Cinzia Chiulli
Viterbo – Riceviamo e pubblichiamo – Cinzia Chiulli ha scelto di esprimere il suo messaggio utilizzando l’immagine simbolica dell’uovo, da sempre associata alla resurrezione e presente in opere d’arte rinomate come quelle di Piero della Francesca. Per lei l’uovo rappresenta la vita in tutti i suoi aspetti: il tuorlo simboleggia il fuoco e la terra, l’albume rappresenta l’acqua, mentre la membrana interna contiene l’aria.
La sua ultima creazione artistica consiste in tre uova di ceramica, ognuna raffigurante elementi simbolici legati alla città di Viterbo e decorate con ossidi metallici che conferiscono loro un’unicità e un’impronta distintiva.
Una delle uova ritrae l’agnello sacrificale presente nel trittico ligneo del Santissimo Salvatore, custodito nella chiesa di Santa Maria Nuova, a cui Cinzia ha donato l’opera.
Un altro uovo è dedicato a Santa Rosa, patrona di Viterbo, raffigurata con amore e dedizione e donata al Monastero di Santa Rosa.
Infine, nel terzo uovo è incisa la preghiera “O Dio, io non Odio”, tratta da un’antica opera muraria viterbese.
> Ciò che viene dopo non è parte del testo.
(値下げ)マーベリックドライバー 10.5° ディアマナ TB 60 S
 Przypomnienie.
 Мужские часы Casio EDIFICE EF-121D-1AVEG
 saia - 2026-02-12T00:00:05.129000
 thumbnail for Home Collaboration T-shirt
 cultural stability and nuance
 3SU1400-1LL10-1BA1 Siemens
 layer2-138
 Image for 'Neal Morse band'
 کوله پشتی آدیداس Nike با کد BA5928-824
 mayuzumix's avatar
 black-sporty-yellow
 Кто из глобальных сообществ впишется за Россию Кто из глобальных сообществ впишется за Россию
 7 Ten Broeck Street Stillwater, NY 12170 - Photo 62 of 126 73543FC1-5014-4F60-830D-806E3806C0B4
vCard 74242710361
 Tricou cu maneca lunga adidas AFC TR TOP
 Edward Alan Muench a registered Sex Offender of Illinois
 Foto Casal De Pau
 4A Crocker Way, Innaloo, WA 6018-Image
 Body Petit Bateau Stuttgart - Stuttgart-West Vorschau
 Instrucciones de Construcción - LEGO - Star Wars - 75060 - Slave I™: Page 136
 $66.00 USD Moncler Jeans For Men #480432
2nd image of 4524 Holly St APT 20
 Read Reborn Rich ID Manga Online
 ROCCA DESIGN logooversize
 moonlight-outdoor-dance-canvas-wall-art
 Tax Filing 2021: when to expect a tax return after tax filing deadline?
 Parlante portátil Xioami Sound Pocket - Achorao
Cinzia spiega che la disposizione delle parole “O Dio” sopra “Odio” invita a elevare lo spirito, a seminare amore e a lasciare l’odio alle spalle.
Quest’ultimo uovo è stato donato al vescovo di Viterbo, Orazio Francesco Piazza, come segno di speranza e di impegno verso un mondo più pacifico e solidale. Con le sue opere, Cinzia Chiulli dimostra il potere trasformativo dell’arte nel promuovere la pace e la comprensione tra le persone. “In un momento storico segnato da guerre e conflitti – ha affermato – ho sentito il bisogno di seminare amore e simboli di pace, proprio a partire dai luoghi a cui sono più legata”.